此外,這段時間以來,當事人們的堅毅,一直是我們行動的最大動力。如果不是TA們勇敢地決意站出來,赤裸裸地向權力機關和公眾剖開自己的傷痛,堅毅地面對各種不可控的輿論質疑與巨大的體制壓力,現有的這一切都不可能發生。懷着對TA們的感激與敬意,我也真誠地期待TA們的勇敢姿態能得到應有的尊重,期待性別平等教育與防範性騷擾機制早日出台和落實,讓遭遇性騷擾的當事人們不必再借由「媒體審判」這種「不得已而為之」的方法來尋求公平、公正的處理。

(Lion,廣州中山大學人類學系校友)

【作者按】:此外,可以進一步反思的是,在事件傳播過程中,#Metoo議題本身的「政治正確」是否引入了某種程度上的民意挾持?在行政和司法系統對張鵬作出裁定之前,公眾是否已經對張鵬預先地進行了帶罪審判?這些似乎是#Metoo 浪潮中的每個子運動都會面臨的問題(或者說困惑),但我認為這不是困境,更不是悖論。

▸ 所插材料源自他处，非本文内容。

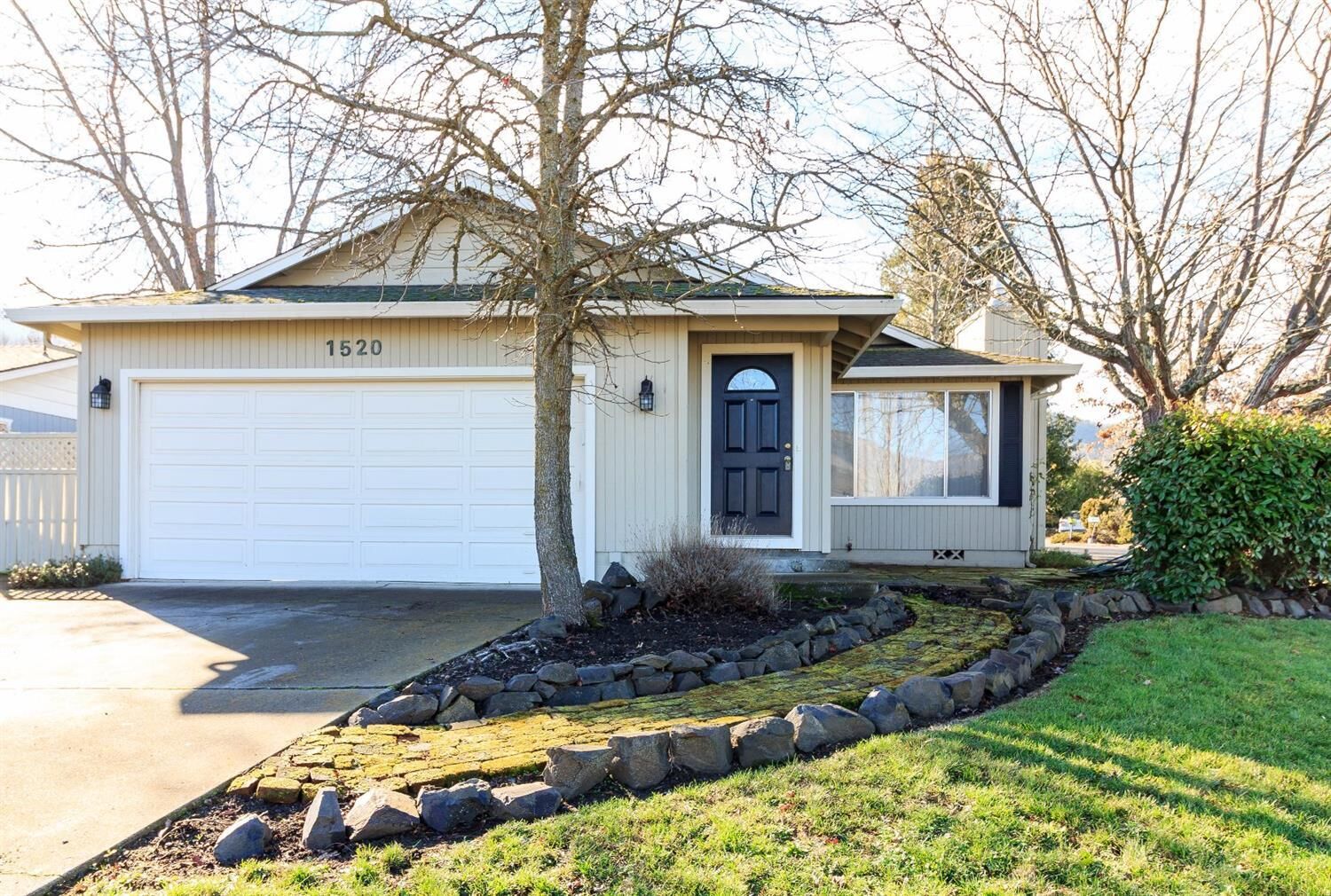 Property Photo: 1520 Lithia Way OR 97540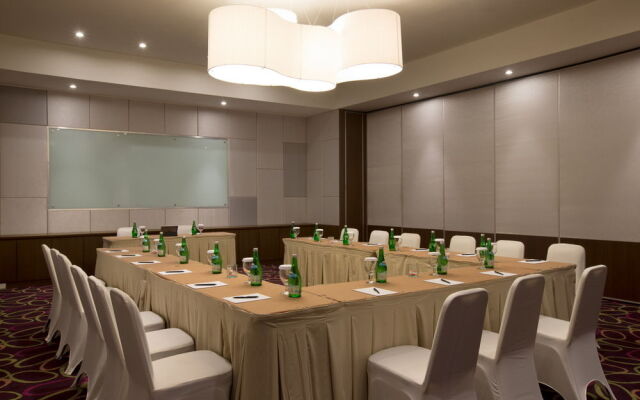 Santika Premiere Kota Harapan Indah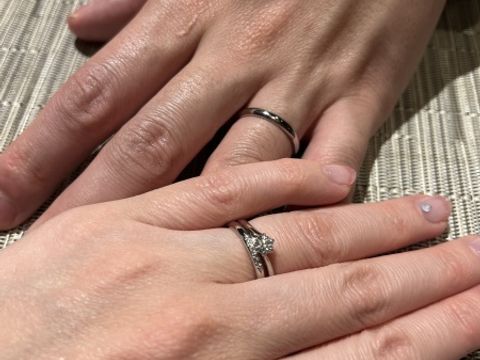 【銀座ダイヤモンドシライシの口コミ】 婚約指輪と重ねた時に合うもののデザインを提示してもらい、その中から選…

首先,「媒體審判」是將社會運動事件化、新聞化的過程中與新聞議程設置的固有缺陷相遇的一個表現,不分情況地套用這個已經部分「污名化」了的概念,會阻擋我們看待符合程序的操作和合理訴求的視野。更重要的是,對於弱勢群體在社會運動中的「賦權」是否必然或實然地導致「新的特權」的生成,這種「輿論支援」作為一種「補償」是否正可以說明某個群體處於實質的弱勢地位?對這些個問題的回答不應淪為一個純學理推斷或者語言遊戲。那些認為被「遮蔽」了、被裹挾了、被邊緣化了的的聲音,必須放到現實中檢驗其在文化和權力秩序中的實際位置——有趣的是,這也正是弱勢群體最初站出來爭取話語表達的起點。

我想,我們不需要害怕提出問題,我們的目的是共同解決問題——儘管我們首先要將它「問題化」。有越來越多的問題正在不斷提出,我們的行動也一直試圖邀請社會各界共同回應這些問題,而不是自問自答、自己挖坑自己填。畢竟,從來沒有一步到位的事情,不同的力量仍然在角逐。